In 1995 Francis Collins predicted (in Nature) that the positional candidate approach would become the "predominant method for cloning human diseases". Since it is the desire to understand and ultimately cure human diseases that is driving most of the current wave of genome science, it would not be inappropriate to guide the views of the available human genetic information towards greater support of the Positional Candidate (PC) approach. This requires genes to be both mapped, to localize them approximately in the genome, and also sequenced, sufficient to suggest their cellular function or at least guide experiments towards the latter. It has been estimated (Schuler et al, Science, 1996) that the majority of the estimated 100,000 human genes have already been sampled and made available in the public EST databases. and over 16,000 EST gene based STS have been mapped already so ESTs currently provide the best link between gene function and location. This link can be improved by creating better EST assemblies that connect unique untranslated portions of cDNAs to their coding regions which are more likely to have similarity to genes of known function in the same or other organisms.
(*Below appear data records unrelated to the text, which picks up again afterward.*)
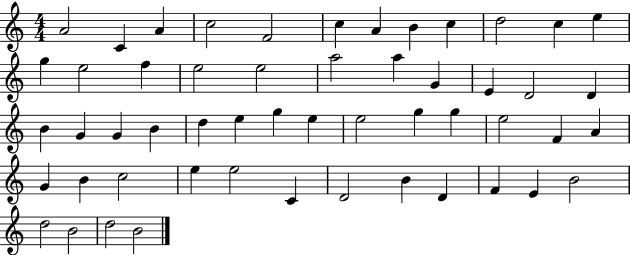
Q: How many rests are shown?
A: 0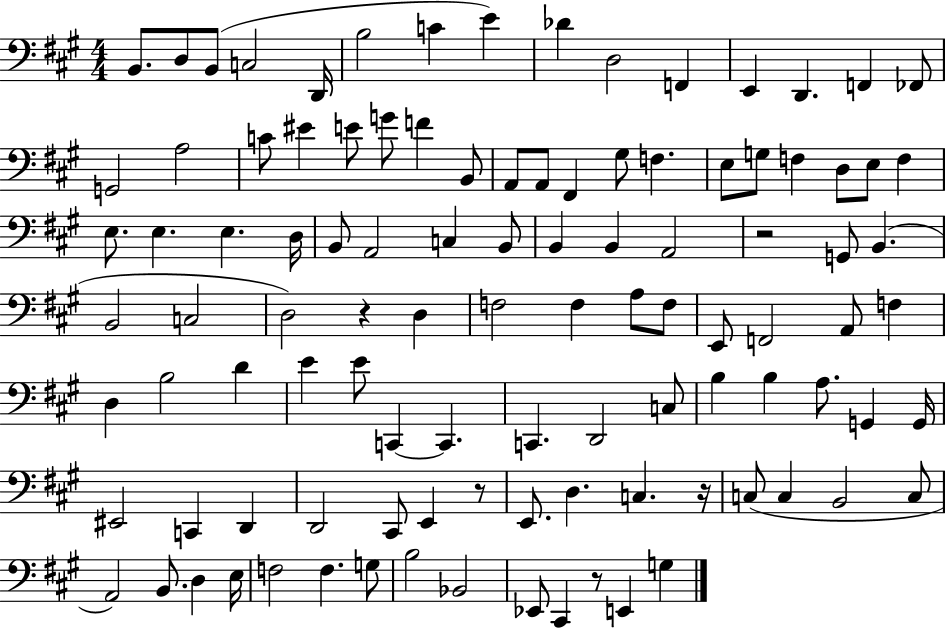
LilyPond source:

{
  \clef bass
  \numericTimeSignature
  \time 4/4
  \key a \major
  b,8. d8 b,8( c2 d,16 | b2 c'4 e'4) | des'4 d2 f,4 | e,4 d,4. f,4 fes,8 | \break g,2 a2 | c'8 eis'4 e'8 g'8 f'4 b,8 | a,8 a,8 fis,4 gis8 f4. | e8 g8 f4 d8 e8 f4 | \break e8. e4. e4. d16 | b,8 a,2 c4 b,8 | b,4 b,4 a,2 | r2 g,8 b,4.( | \break b,2 c2 | d2) r4 d4 | f2 f4 a8 f8 | e,8 f,2 a,8 f4 | \break d4 b2 d'4 | e'4 e'8 c,4~~ c,4. | c,4. d,2 c8 | b4 b4 a8. g,4 g,16 | \break eis,2 c,4 d,4 | d,2 cis,8 e,4 r8 | e,8. d4. c4. r16 | c8( c4 b,2 c8 | \break a,2) b,8. d4 e16 | f2 f4. g8 | b2 bes,2 | ees,8 cis,4 r8 e,4 g4 | \break \bar "|."
}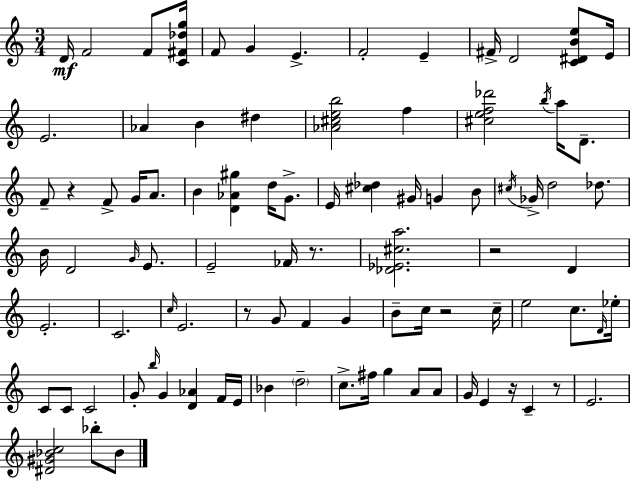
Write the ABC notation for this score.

X:1
T:Untitled
M:3/4
L:1/4
K:C
D/4 F2 F/2 [C^F_dg]/4 F/2 G E F2 E ^F/4 D2 [C^DBe]/2 E/4 E2 _A B ^d [_A^ceb]2 f [^cef_d']2 b/4 a/4 D/2 F/2 z F/2 G/4 A/2 B [D_A^g] d/4 G/2 E/4 [^c_d] ^G/4 G B/2 ^c/4 _G/4 d2 _d/2 B/4 D2 G/4 E/2 E2 _F/4 z/2 [_D_E^ca]2 z2 D E2 C2 c/4 E2 z/2 G/2 F G B/2 c/4 z2 c/4 e2 c/2 D/4 _e/4 C/2 C/2 C2 G/2 b/4 G [D_A] F/4 E/4 _B d2 c/2 ^f/4 g A/2 A/2 G/4 E z/4 C z/2 E2 [^D^G_Bc]2 _b/2 _B/2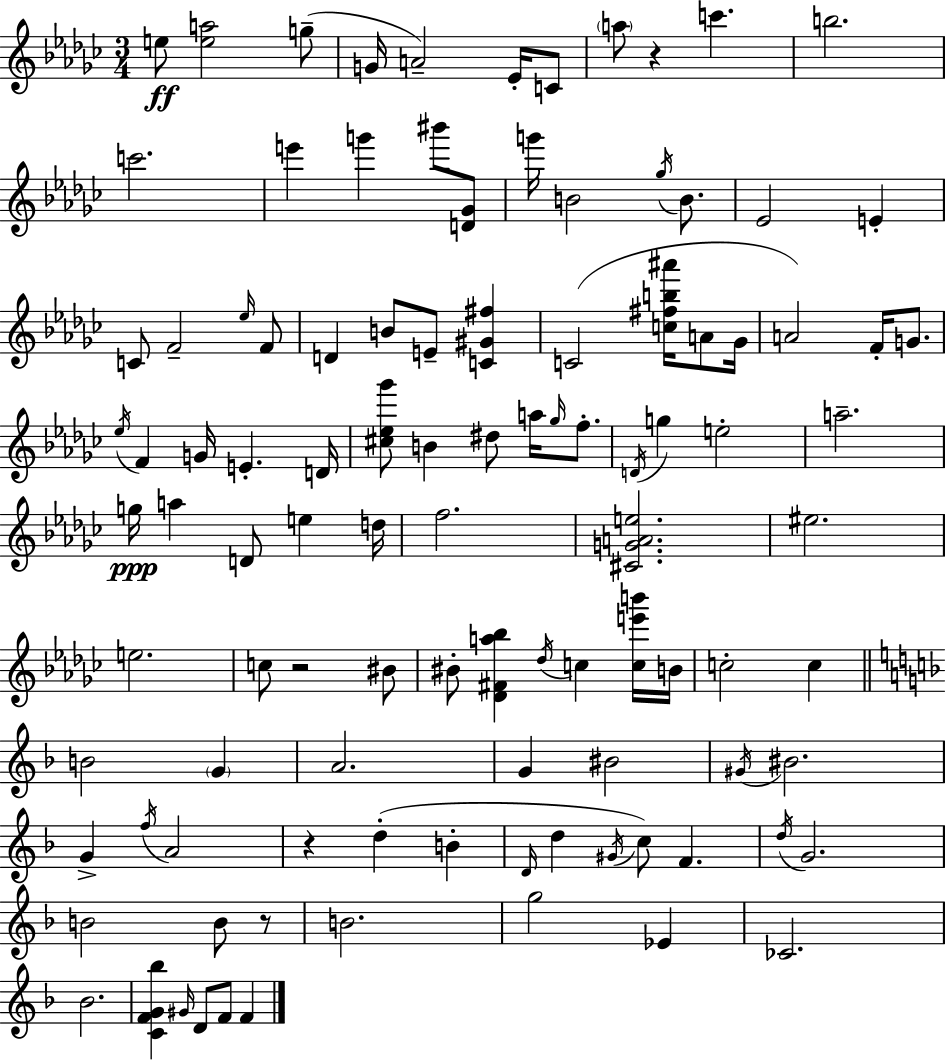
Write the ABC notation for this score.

X:1
T:Untitled
M:3/4
L:1/4
K:Ebm
e/2 [ea]2 g/2 G/4 A2 _E/4 C/2 a/2 z c' b2 c'2 e' g' ^b'/2 [D_G]/2 g'/4 B2 _g/4 B/2 _E2 E C/2 F2 _e/4 F/2 D B/2 E/2 [C^G^f] C2 [c^fb^a']/4 A/2 _G/4 A2 F/4 G/2 _e/4 F G/4 E D/4 [^c_e_g']/2 B ^d/2 a/4 _g/4 f/2 D/4 g e2 a2 g/4 a D/2 e d/4 f2 [^CGAe]2 ^e2 e2 c/2 z2 ^B/2 ^B/2 [_D^Fa_b] _d/4 c [ce'b']/4 B/4 c2 c B2 G A2 G ^B2 ^G/4 ^B2 G f/4 A2 z d B D/4 d ^G/4 c/2 F d/4 G2 B2 B/2 z/2 B2 g2 _E _C2 _B2 [CFG_b] ^G/4 D/2 F/2 F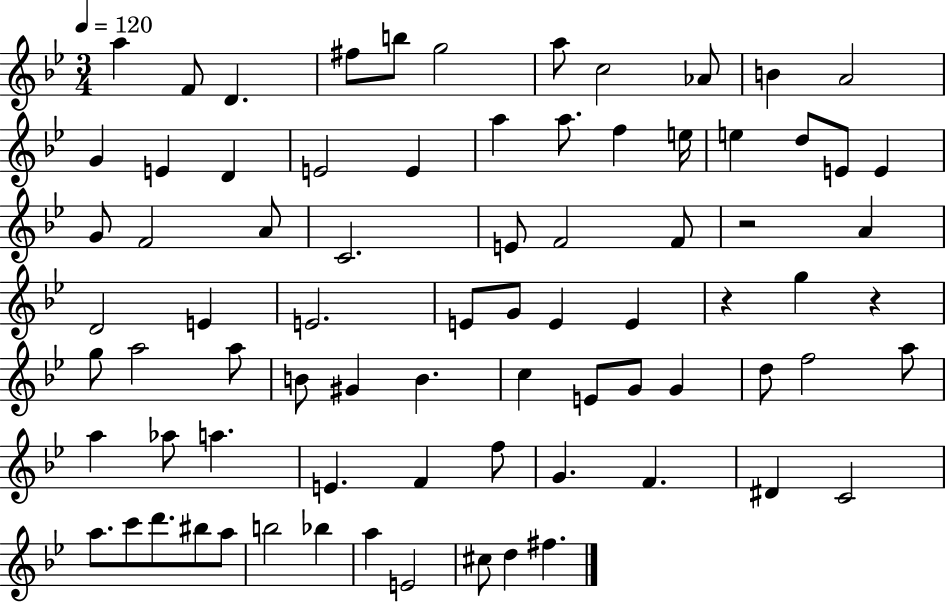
X:1
T:Untitled
M:3/4
L:1/4
K:Bb
a F/2 D ^f/2 b/2 g2 a/2 c2 _A/2 B A2 G E D E2 E a a/2 f e/4 e d/2 E/2 E G/2 F2 A/2 C2 E/2 F2 F/2 z2 A D2 E E2 E/2 G/2 E E z g z g/2 a2 a/2 B/2 ^G B c E/2 G/2 G d/2 f2 a/2 a _a/2 a E F f/2 G F ^D C2 a/2 c'/2 d'/2 ^b/2 a/2 b2 _b a E2 ^c/2 d ^f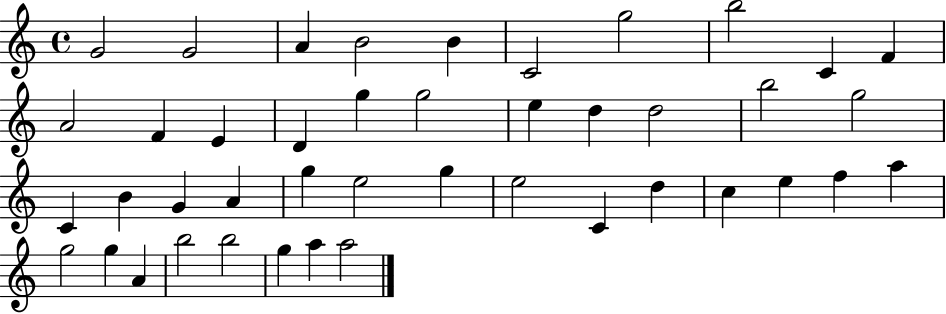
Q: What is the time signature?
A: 4/4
Physical maps can be prepared from end-sequencing, fingerprinting, cross hybridization, STS amplimer detection, and radiation hybrid mapping. An immediate goal is a gene map that integrates the sequence map and the physical maps into a single consistent view. Through the use of CORBA it should be possible to standardise access to all the component data sources and thereby ease the data integration task. Putative translations of EST assemblies can also be linked to the protein databases by amino acid sequence similarity.

EST Data Presentation

Using interactive Java clients to view complex biological data has become the norm with genome viewers for GDB, and microbial genomes (JMGD), physical maps (e.g. X), and transcript maps (e.g. human Chr.21). As many of these tools share similar functions, a BioWidgets consortium has been established to maximise the amount of code-reuse, quality and availability of the Java clients. I expect most of the required viewers will be written by others as Java Beans minimising the actual work needed.

The three basic tools needed are a contig assembly editor, a trace viewer and a pairwise alignment viewer. A more sophisticated map browsing tool will follow on to summarise and display all the information combined together in an integrated gene map. One desirable feature not currently available anywhere would be a multiple genome gene map. This could provide an ideal mechanism for browsing areas of syteny between the human and mouse genomes which both have large EST, mapping and disease genetics information stores available, but are currently kept and displayed separately.